Without the images, write out the whole listing exactly.

Dataset content:

###

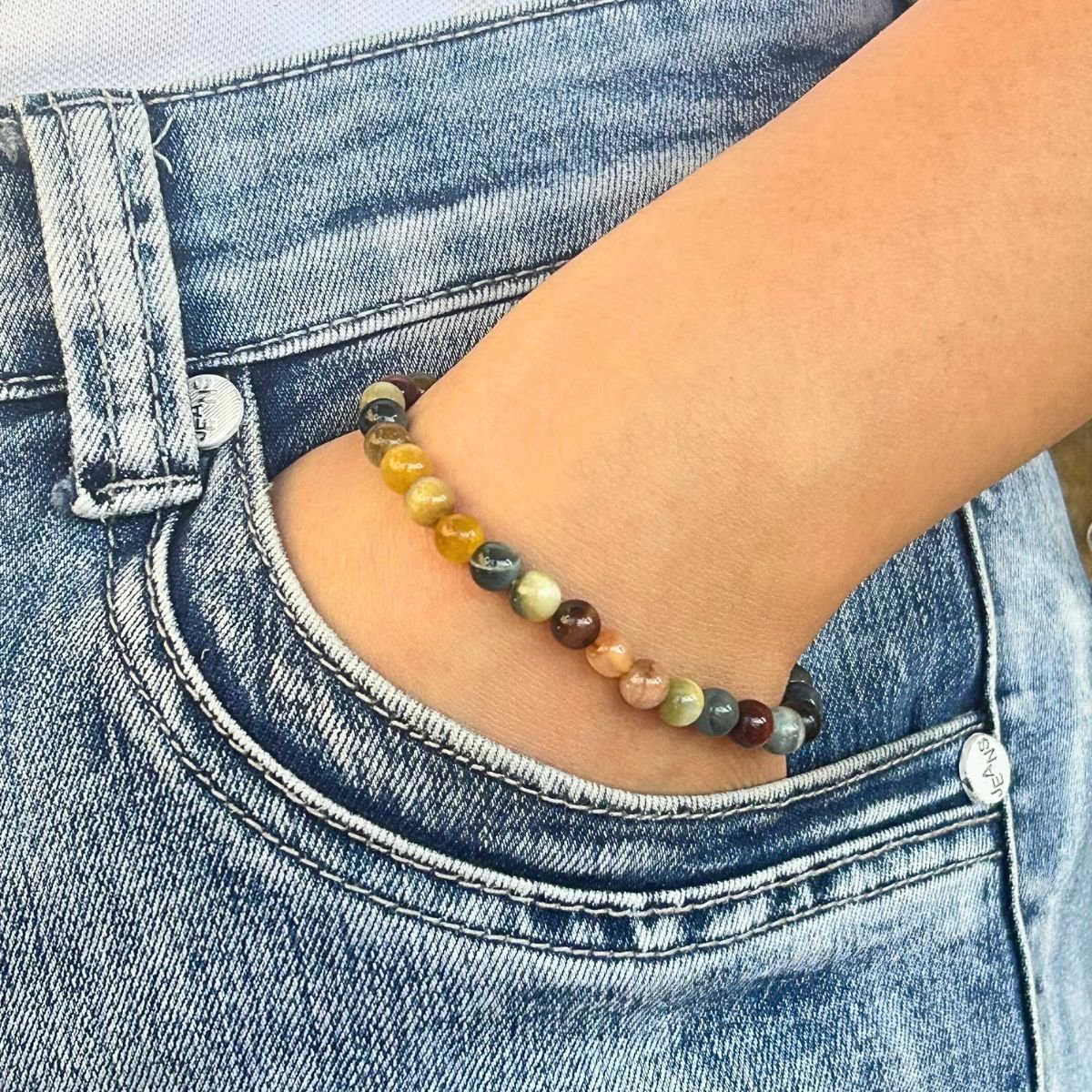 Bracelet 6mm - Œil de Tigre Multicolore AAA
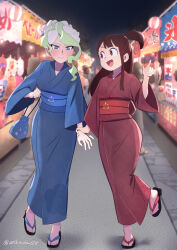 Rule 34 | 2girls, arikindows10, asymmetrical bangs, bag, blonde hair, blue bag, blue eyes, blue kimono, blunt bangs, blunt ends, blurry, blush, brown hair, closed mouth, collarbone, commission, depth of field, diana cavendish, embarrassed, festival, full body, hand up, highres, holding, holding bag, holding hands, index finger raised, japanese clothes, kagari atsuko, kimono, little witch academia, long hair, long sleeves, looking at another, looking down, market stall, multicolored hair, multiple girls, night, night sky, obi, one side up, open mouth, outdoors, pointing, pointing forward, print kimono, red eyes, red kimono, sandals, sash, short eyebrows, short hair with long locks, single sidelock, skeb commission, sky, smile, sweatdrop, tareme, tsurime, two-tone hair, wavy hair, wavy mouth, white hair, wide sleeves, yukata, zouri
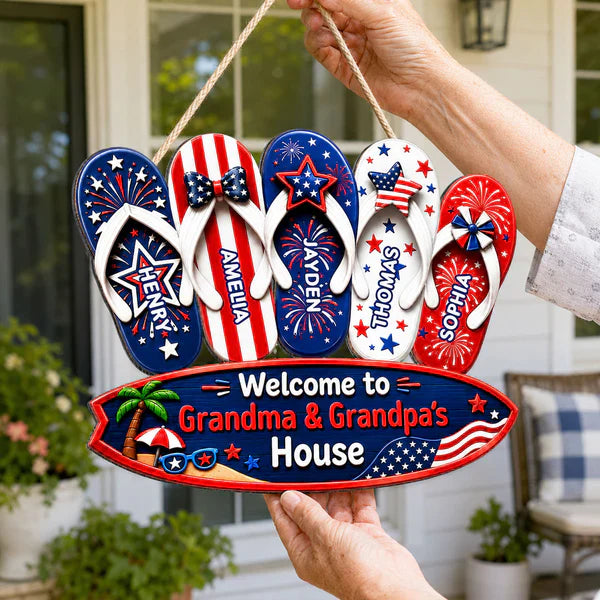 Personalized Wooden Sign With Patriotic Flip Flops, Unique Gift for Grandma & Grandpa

###

Result below:
 Bracelet 6mm - Œil de Tigre Multicolore AAA
 Rule 34 | 2girls, arikindows10, asymmetrical bangs, bag, blonde hair, blue bag, blue eyes, blue kimono, blunt bangs, blunt ends, blurry, blush, brown hair, closed mouth, collarbone, commission, depth of field, diana cavendish, embarrassed, festival, full body, hand up, highres, holding, holding bag, holding hands, index finger raised, japanese clothes, kagari atsuko, kimono, little witch academia, long hair, long sleeves, looking at another, looking down, market stall, multicolored hair, multiple girls, night, night sky, obi, one side up, open mouth, outdoors, pointing, pointing forward, print kimono, red eyes, red kimono, sandals, sash, short eyebrows, short hair with long locks, single sidelock, skeb commission, sky, smile, sweatdrop, tareme, tsurime, two-tone hair, wavy hair, wavy mouth, white hair, wide sleeves, yukata, zouri
 Personalized Wooden Sign With Patriotic Flip Flops, Unique Gift for Grandma & Grandpa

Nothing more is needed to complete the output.